■帰国後に著書が大ベストセラーに

 だが、オランダ領へと逃げ込む作戦は困難を極めた。

 海上を移動する試みは敵艦のパトロールを突破することができず、先住部族との争いも頻発し、マラリアなどの病魔に斃れるメンバーも続いた。

 ドイツのルター派伝道所にお忍びで身を隠すなどしながらサバイバルは続くも、1918年11月11日にドイツが降伏したことで、オランダ領に逃げ込む意味は失われた。

 それでも年内はジャングルに身を隠していた一行だが、年が明けた1919年1月5日、ついに白旗を上げて降伏した。ドイツ軍兵士として一番最後の降伏だったということだ。

 敵から身を隠し、熱帯の病気に悩まされ、そして隙あらば彼らを殺して食べたいと考えていた人食い部族をかわしながらサバイバルした疾風怒濤の4年間であった。

 ドイツに戻ったデツナーは、戦地において最後まであきらめなかった国民的英雄として歓迎され、一躍有名人となり少佐に昇進した。

 そして彼はニューギニア島でのサバイバルの4年間を綴った著作『Four Years among the Cannibals(人食い部族に囲まれた4年間)』と、現地調査の成果を記した著作『Kaiser-Wilhelmsland, nach dem Stande der Forschung im Jahre 1919(カイザー・ヴィルヘルムス・ラント ― 1919年の調査による)』を上梓し、どちらも大ヒットを記録した。

 特に『人食い部族に囲まれた4年間』は、まるで血沸き肉躍る冒険小説のようなエンタテインメント性もあって好評を博し、フランス語、英語、フィンランド語、スウェーデン語に翻訳されて大ベストセラーとなった。

 また『カイザー・ヴィルヘルムス・ラント ― 1919年の調査による』の方も、この未開の地域の非接触先住民の文化と風習への詳細な調査が学術界で好評を博し、ベルリン地理学会、ライプツィヒ地理学会、大学など数々の権威ある組織から名誉学位といくつかの賞、メダル、称賛を獲得した。

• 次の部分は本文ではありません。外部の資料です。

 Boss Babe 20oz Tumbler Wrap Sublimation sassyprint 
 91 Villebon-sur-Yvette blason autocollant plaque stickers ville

 しかし話は予期せぬ方向へと転ぶ。ニューギニア島で“残党狩り”をしていたというオーストラリア軍の元兵士が、当時デツナーの部隊を常に追跡していたが、事実は著書の内容とはまったく違うことを新聞に投書したのだ。

“人食い部族の島”を生き抜いたヘルマン・デツナーの秘密とは? 死ぬまで口を閉ざした男の謎に満ちた4年間
(画像=ニューギニアからドイツに届いた絵葉書 By no author information available – Spiegel online: Der Münchhausen der Südsee (posted 1 April 2008). Spiegel gives its source only as “PD”., PD-US, Link,『TOCANA』より 引用)

 さらに、デツナーを匿った伝道所の宣教師2人も、部隊が戦場アクション映画さながらのサバイバルをしていたわけではなく、むしろ身の危険が及ばない場所で島の動植物を思う存分研究していたと証言したのである。

 このような声が出始めたこともあり、著書の記述を検証する動きが起こり、その内容には矛盾や脱落、場所の名前の誤り、計算の誤り、そして完全な虚偽が多く含まれていることが明らかになった。結局、デツナーの描写は実際に起こった出来事して信頼できるものではなく、一種の娯楽小説のようであるとの見解が大勢を占めることなったのだ。

 多くの公的な批判の後、デツナーは話のいくつかの部分を装飾し、美化した可能性があることを認めた。しかし、具体的にどの部分が虚飾であるかを正確に言及することはなかった。

 デツナーは権威あるベルリン地理学会を自ら脱会し、世間から忘れ去られ、1970年に88歳で亡くなるまで口を閉ざした隠遁生活を送った。

 優秀で信頼の置ける実直な測量士として確固たる地位を築いていたデツナーが、ニューギニア島での経験を装飾する必要性を感じたのはなぜなのか。回顧録のどの部分がでっち上げであるかを説明していないことに何か理由があるのだろうか。

 これらの質問に対する答えが何であれ、ヘルマン・デツナーは歴史上注目すべき人物であり、第一次世界大戦と欧米列強の植民地時代の興味深いスナップショットである。晩年は何も語らずにこの世を去ったデツナーに隠されたサイドストーリーがあったのかどうか、今となってはそれを知る術はないのだろう。